Thursday, March 14, 2019

Thakali accidentally...

Trusting them as failsafe, Potstickers or Kothays are with what I habitually kick off my frequent binges at Thakali. Like chubby babies sitting facedown with burnt bums jutting skyward, they tickled not differently from last time. Shapale, or semi-circular bread filled with minced chicken and cabbage, was modest, delicious and true to its native plainness. But. But. But. Choila, the lush salad of the highlands, undid all by holding in a miserly bowl the charred remains of Pompeii as diced pork tossed with chillies, cilantro and onion. #uncookedwords

Unfortunately, if I am eating beneath my taste is an awareness that always dawns later than it ought to.

Saturday, March 9, 2019

A footnote on Shaktigarh Lyangcha...

Acts of unrestraint did attract penance. And, after two soggy days of observance I ended mine with what gallows-birds ask for as last wish. #uncookedwords

Every ride along the Durgapur Expressway would halt at 'Saktigarh' to let travellers soak up syrupy profusion lodged in oblong and fried sweetmeats the world calls 'Lyangcha'. I call them dark spindles of juicy bliss. Or, a Godardesque take on Wilder’s ‘Some Like it Hot’, with the cast unaltered. Firm and darker outer covering a moist core tells a Saktigarh Lyangcha from its limp and fairer variants that sweep urban Calcutta.
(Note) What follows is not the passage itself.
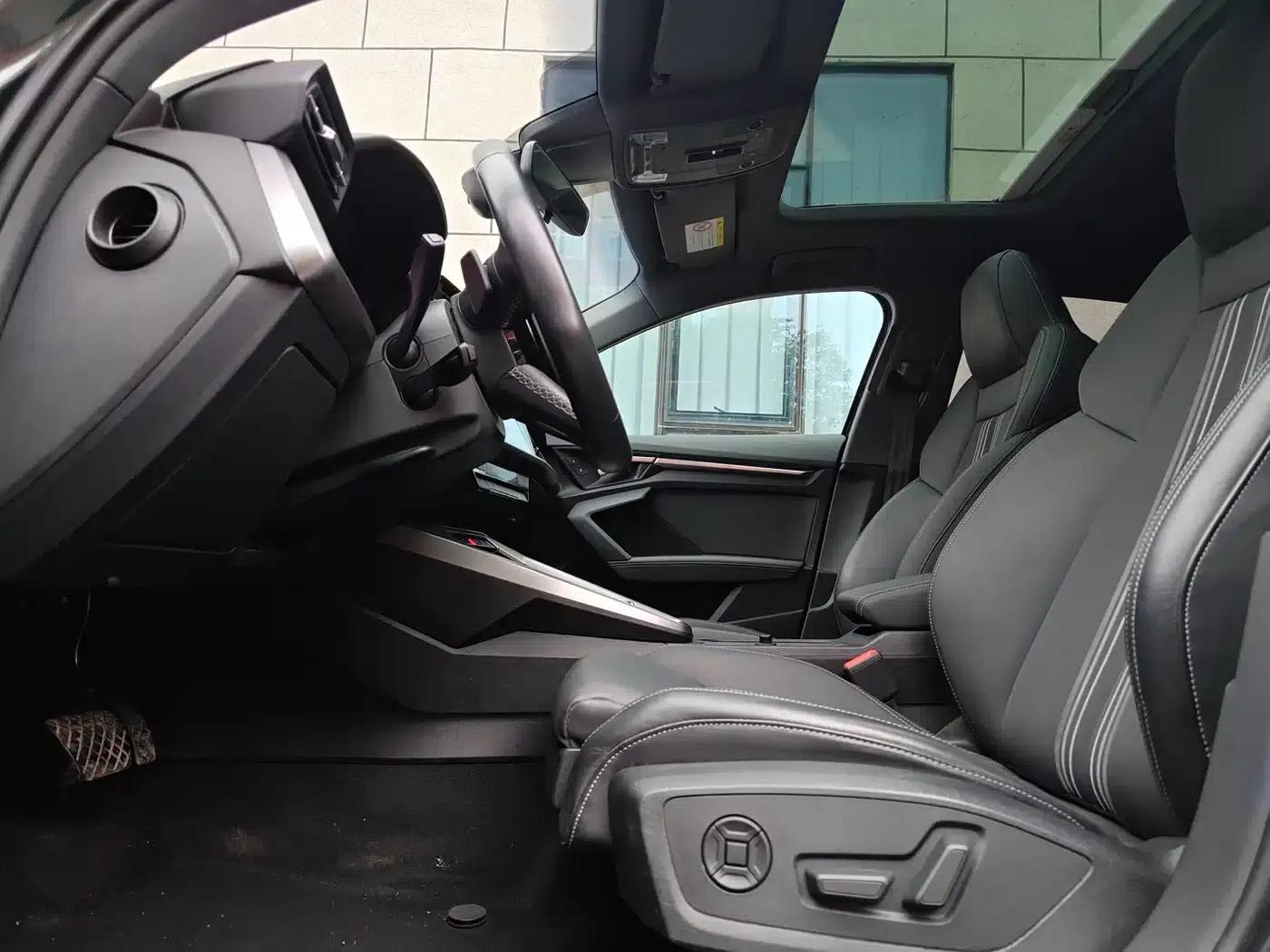 2023 Audi A3 A3L Limousine 35 TFSI Fashion Sport — миниатюра 6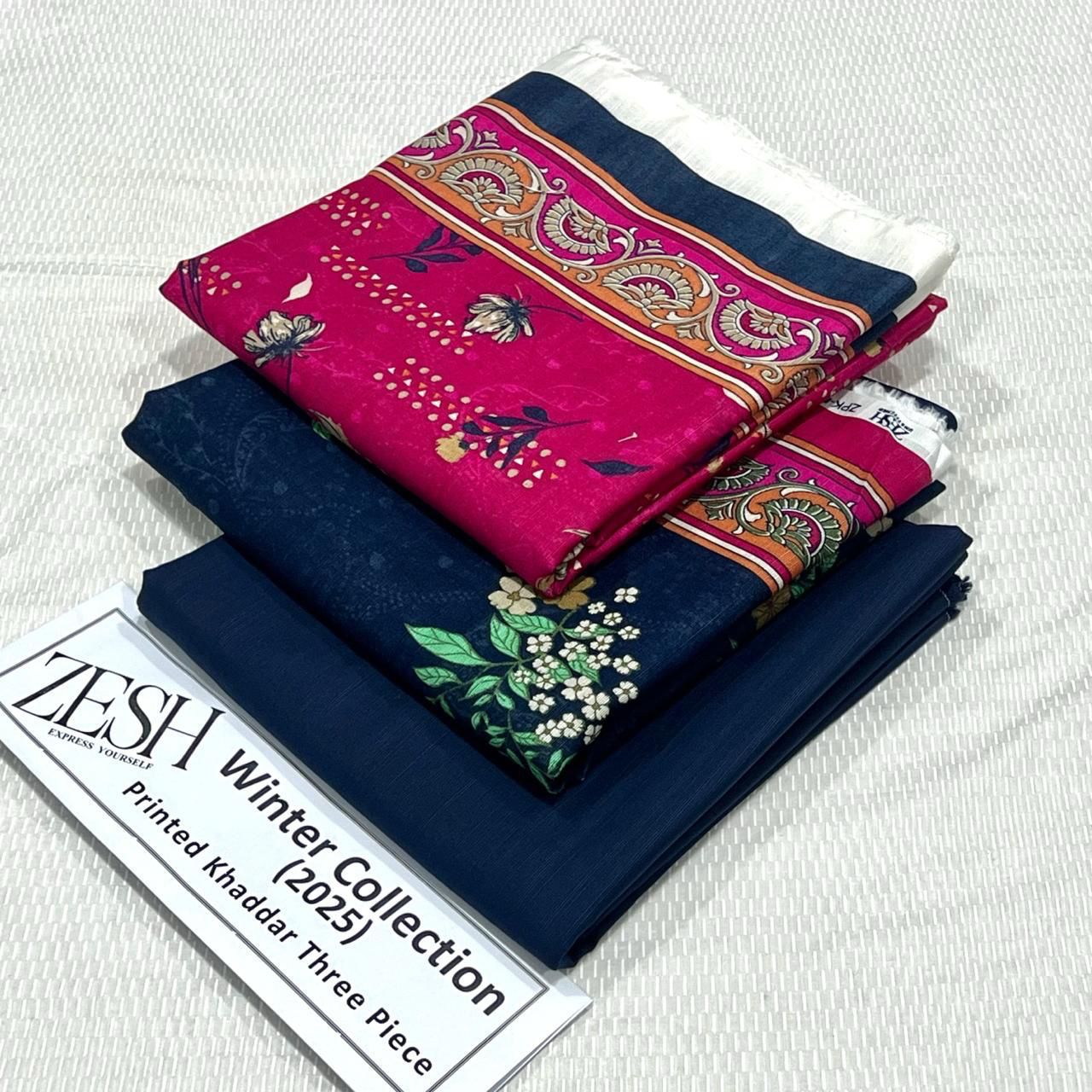 ZESH Printed Khaddar 3Piece D-028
A Biriyani par excellence...

Whenever Biriyani content in my blood drops, I panic. Angelic and wicked remedies are invoked if only the obvious appears far-fetched. #uncookedwords

It was one such day when again the giddiness gripped – a symptom observable when my biology craves the lush rice teeming with mellow mutton cooked to doneness. However, my woe was soon quelled by a kind-hearted aunt who treated me to a Biriyani I only fancy in Lucknow. Or, in dreams. Even memories of it made me, well, drool. Prepared in Dumphukt, where spices, herbs, fine rice and marinated mutton are all thrown into a sealed pot to commingle and slow-cooked, the Biriyani proved on all counts fit to be called a masterpiece.

Cooked meat to me is what tinned Spinach is to Popeye. Too inbred is my love of it to be rationally rebuffed. And, perhaps none in the orient draws on meat’s absorbent potential like the Biriyani. Along the lines of Kachchi, the heightened meat content in my serving made the cradling rice look richer and overflow with aroma. Meat fell off the bones like honey dribbling off a dipper. Lean grains of rice hopelessly clinging to mutton cubes suggested a tale of timeless love being told with delicious poise. 

True Biriyani makes one eloquent and noisy. Now allow me my bits of both, and guzzle the leftover on the quiet!